__Work item__:
Transcribe all data verbatim. Skip the pictures.

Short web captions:

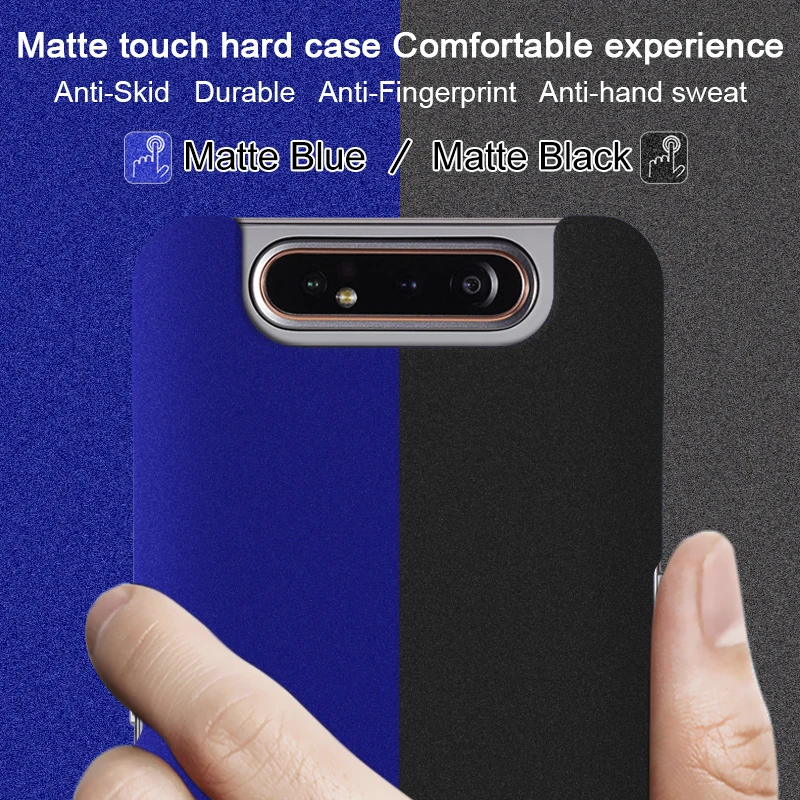Для samsung Galaxy A80 A90 чехол Imak ковбойские Матовые чехлы для телефонов задняя крышка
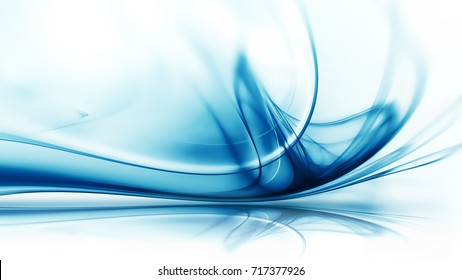 Abstract technology background with blue and white tones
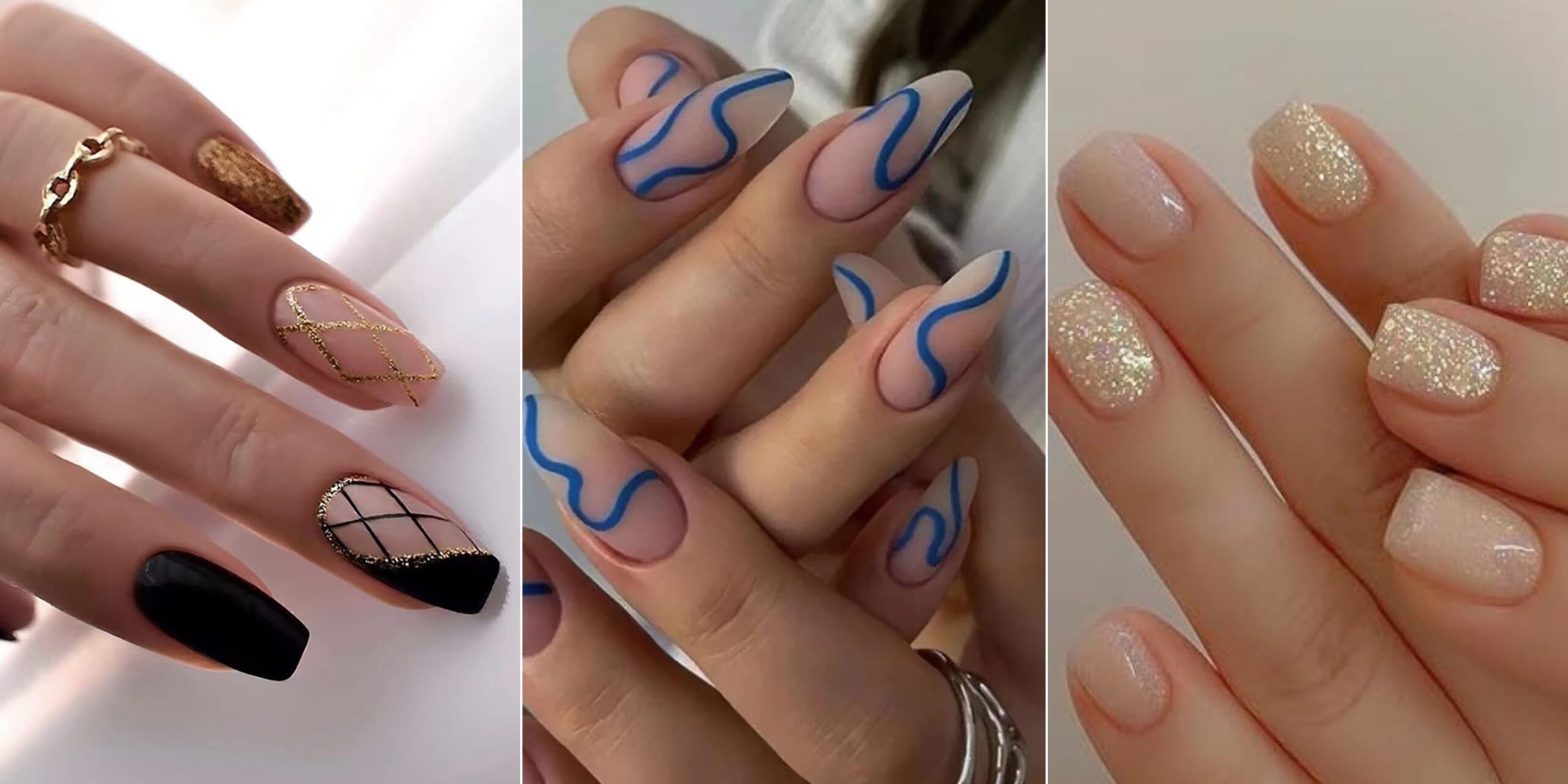 10 Diseños de uñas minimalistas Inspiración con estilos simples y modernos
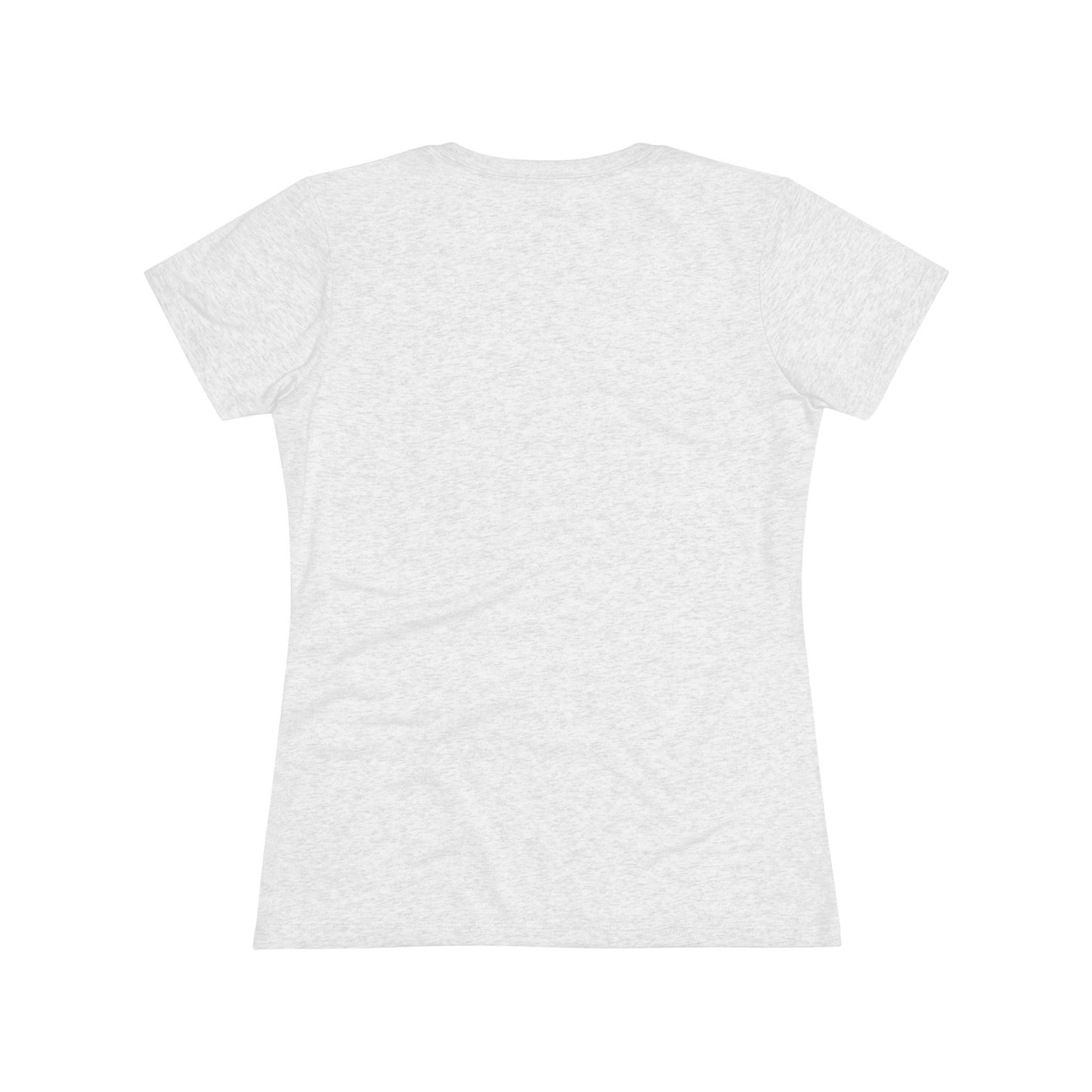Diva Zone Women's Triblend Tee - Fun Dog Lover Shirt, Cute Gift for Animal Lovers, Casual Summer Top, Dog Mom Outfit, Pet Enthusiast Apparel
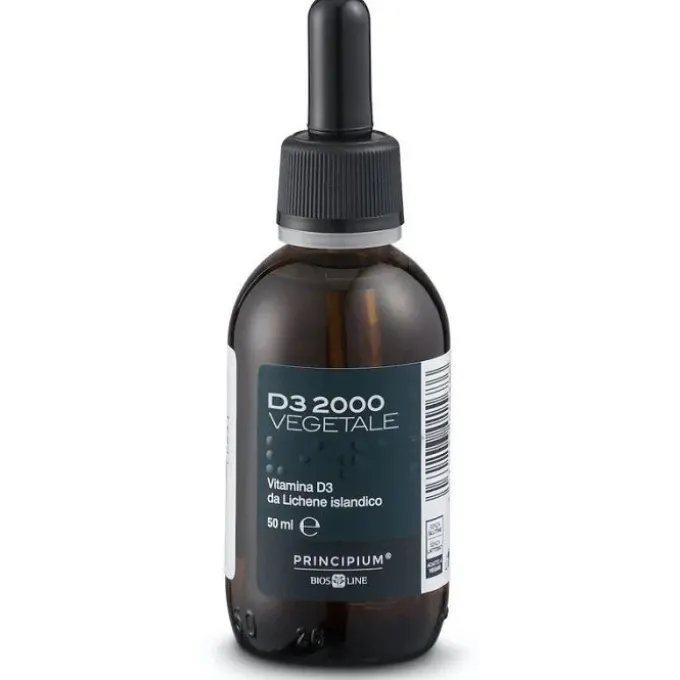 Bios Line Principium D3 Vegan 2000 Ui 50 Ml Salute Delle Ossa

__Completed exercise__:
Для samsung Galaxy A80 A90 чехол Imak ковбойские Матовые чехлы для телефонов задняя крышка
 Abstract technology background with blue and white tones
 10 Diseños de uñas minimalistas Inspiración con estilos simples y modernos
Diva Zone Women's Triblend Tee - Fun Dog Lover Shirt, Cute Gift for Animal Lovers, Casual Summer Top, Dog Mom Outfit, Pet Enthusiast Apparel
 Bios Line Principium D3 Vegan 2000 Ui 50 Ml Salute Delle Ossa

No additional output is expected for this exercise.